### YOUR ASSIGNMENT
Exactly as written, set down each line of the data below except its pictures.

### DATASET CONTENT

▼

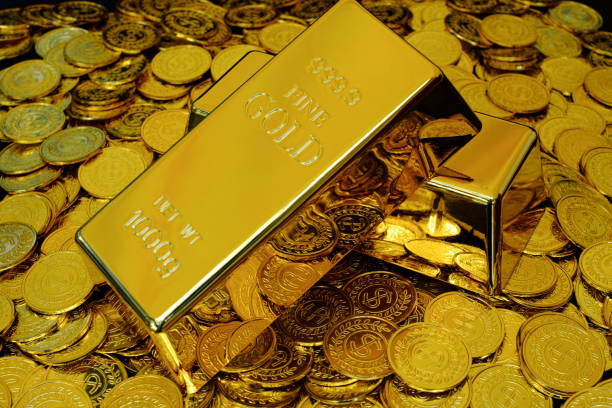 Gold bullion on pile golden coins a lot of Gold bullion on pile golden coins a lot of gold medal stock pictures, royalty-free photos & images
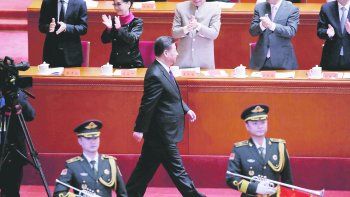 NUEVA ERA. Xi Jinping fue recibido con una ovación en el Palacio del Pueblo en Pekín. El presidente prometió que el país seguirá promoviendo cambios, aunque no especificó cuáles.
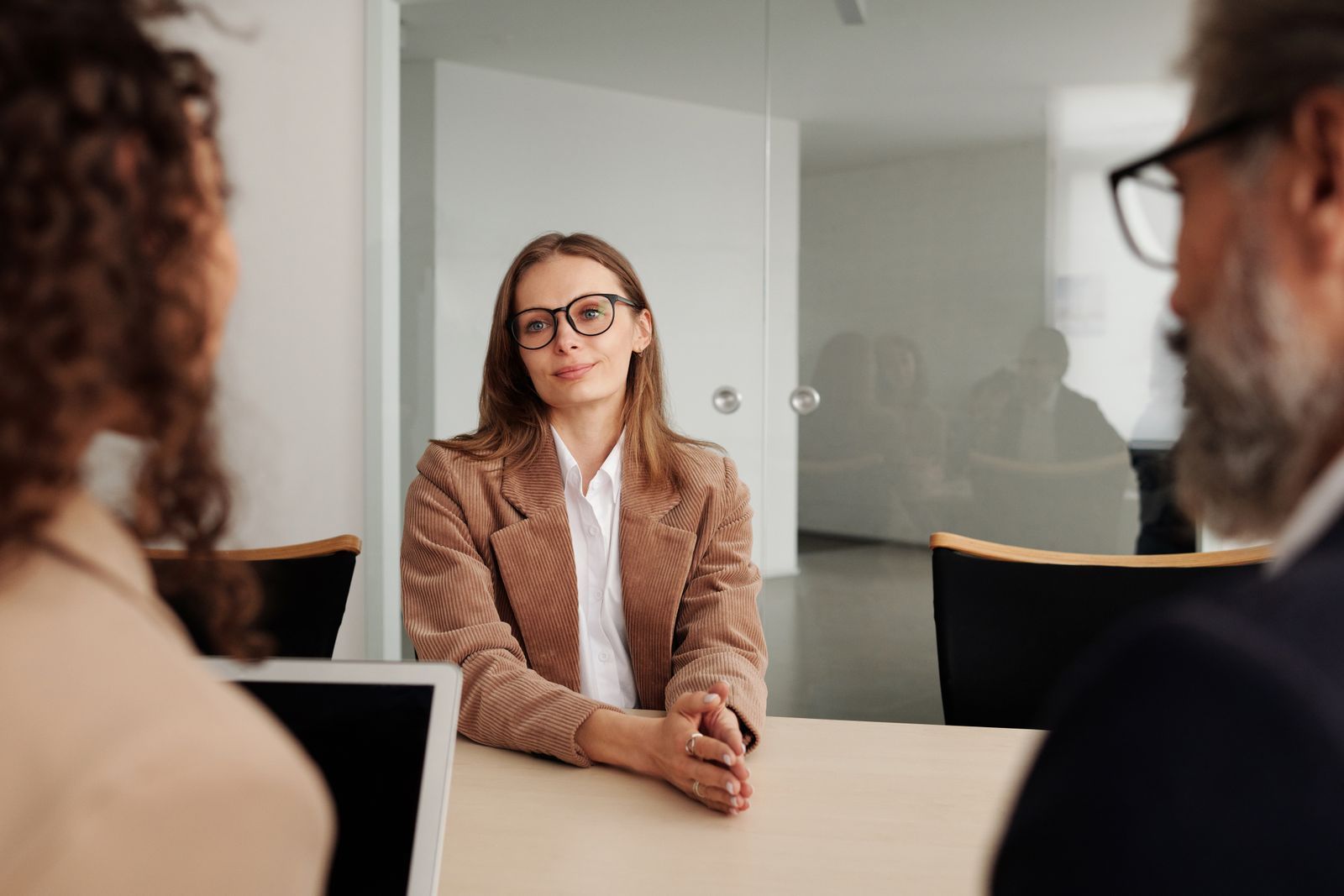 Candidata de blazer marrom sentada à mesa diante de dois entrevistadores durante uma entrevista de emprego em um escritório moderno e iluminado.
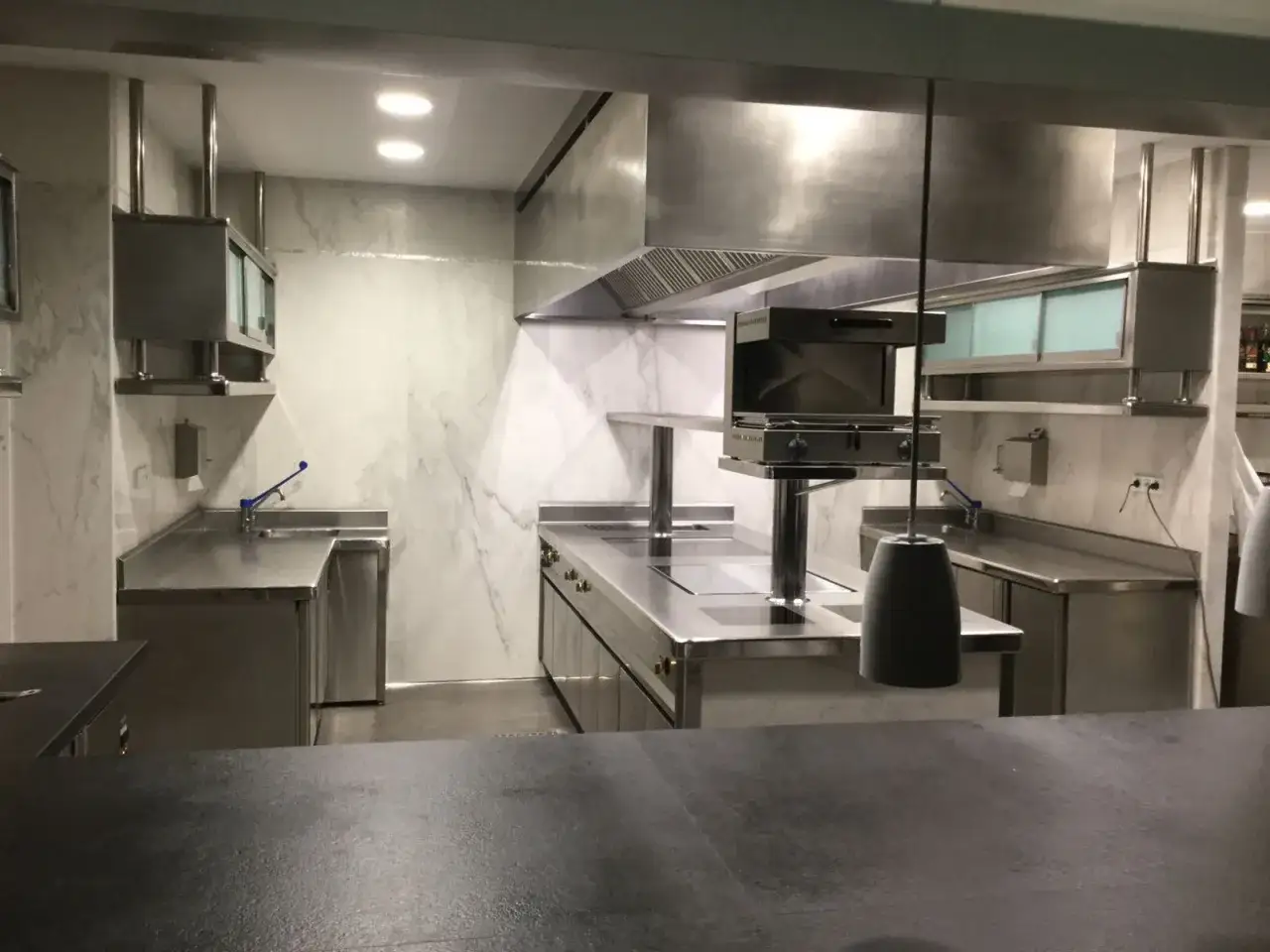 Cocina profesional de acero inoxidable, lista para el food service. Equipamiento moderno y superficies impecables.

▲

### TASK OUTPUT
 Gold bullion on pile golden coins a lot of Gold bullion on pile golden coins a lot of gold medal stock pictures, royalty-free photos & images
 NUEVA ERA. Xi Jinping fue recibido con una ovación en el Palacio del Pueblo en Pekín. El presidente prometió que el país seguirá promoviendo cambios, aunque no especificó cuáles.
 Candidata de blazer marrom sentada à mesa diante de dois entrevistadores durante uma entrevista de emprego em um escritório moderno e iluminado.
 Cocina profesional de acero inoxidable, lista para el food service. Equipamiento moderno y superficies impecables.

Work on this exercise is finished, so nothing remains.